Yes, according to New York Times columnist Nicholas Kristof, who writes, “… while we broadly lament inequality, we treat it as some natural disaster imposed upon us. That’s absurd. The roots of inequality are complex and, to some extent, reflect global forces, but they also reflect our policy choices.” Kristof cites a recent report that 2014 Wall Street bonuses were about twice “the total annual earnings of all Americans working full time at the federal minimum wage” (see 3/23/2015 Communities Count blog).

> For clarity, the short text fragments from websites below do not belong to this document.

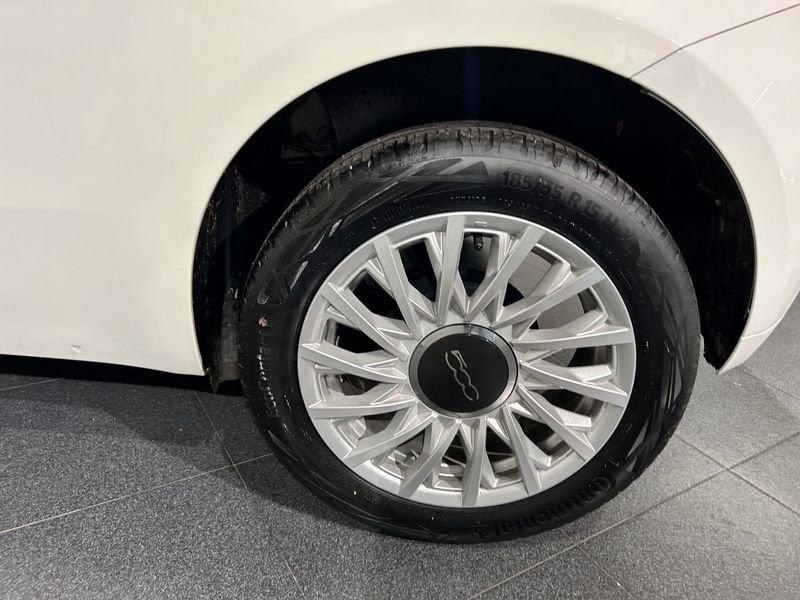 FIAT 500 500 1.0 Hybrid Dolcevita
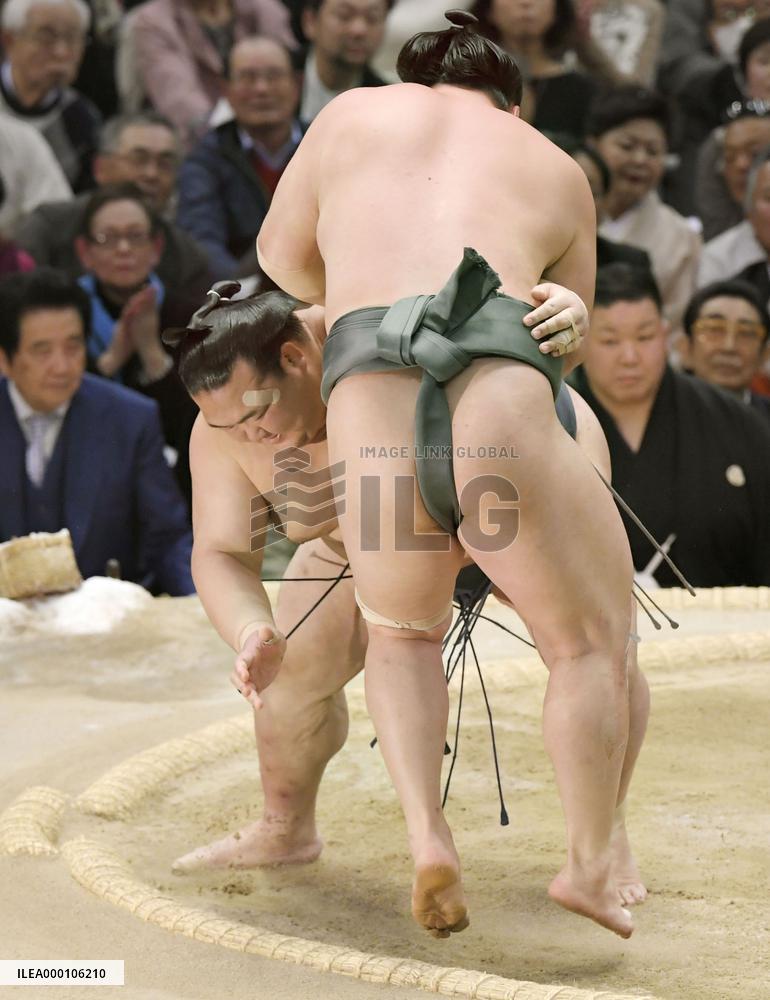 Sumo: Kisenosato stays perfect at spring tourney, Terunofuji trails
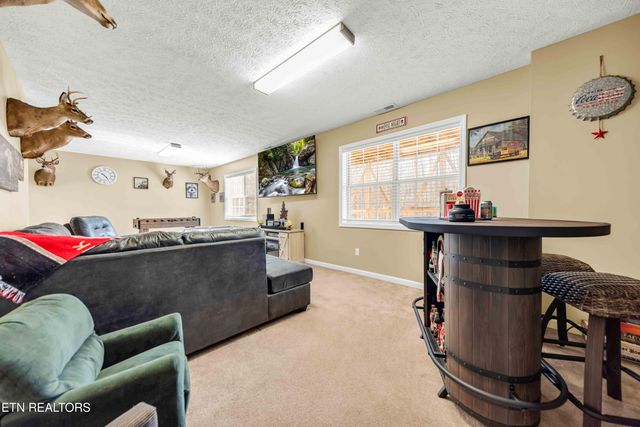 153 Autumn Drive, Clinton, TN 37716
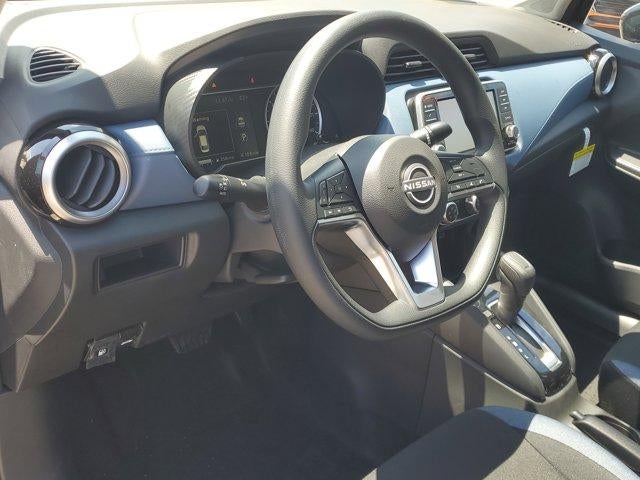 2025 Nissan Versa SV CVT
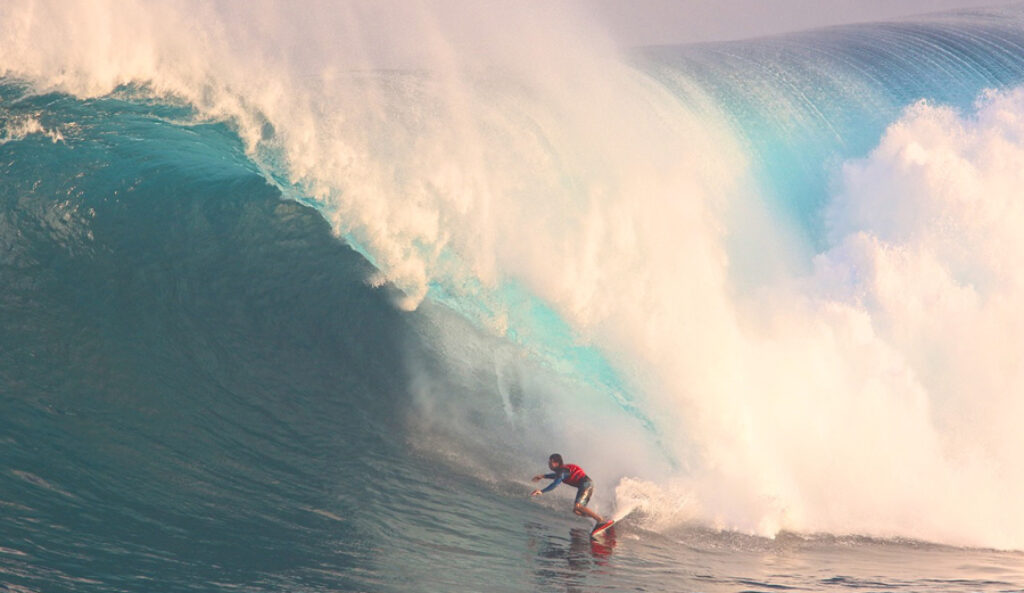 Albee Layer riding at Peʻahi, from The Inertia’s profile of his SOS big-wave boards.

For suggestions of ways to counter inequality, he turns to a new book, Inequality: What Can Be Done, by British economist Anthony Atkinson. Among Atkinson’s 15 steps to reduce inequality:
■ Government should be more concerned with monopolies and competition policy.
■ Trade unions should be bolstered to represent workers’ interests.
■ Government should provide public-sector jobs at minimum wage to those who want them, in areas such as meals-on-wheels, elderly care, child care and so on.
■ In addition to a minimum wage, there should be a framework to restrain pay at the highest levels. Atkinson cites companies that have voluntarily decreed that executive pay should be capped at 65 or 75 times the average pay in the firm.
■ Personal income taxes should be made more progressive, with a maximum rate of 65 percent.
■ Every child should get a “child benefit” payment, to help keep kids out of poverty.
Finally, Kristof poses the following question about how Congress responds to inequality (more than one choice could be correct):
Congressional leadership is showing resolve to slash —
A) subsidies for private jets;
B) the carried interest tax loophole for billionaires;
C) food stamps;
D) the estate tax on couples with estates worth more than $10.9 million.
The answers: C and D — policies that “would hurt low-income children while offering a helping hand to billionaires.” Kristof asserts that “the problem isn’t inequality; the problem is us. We’re paralyzed.”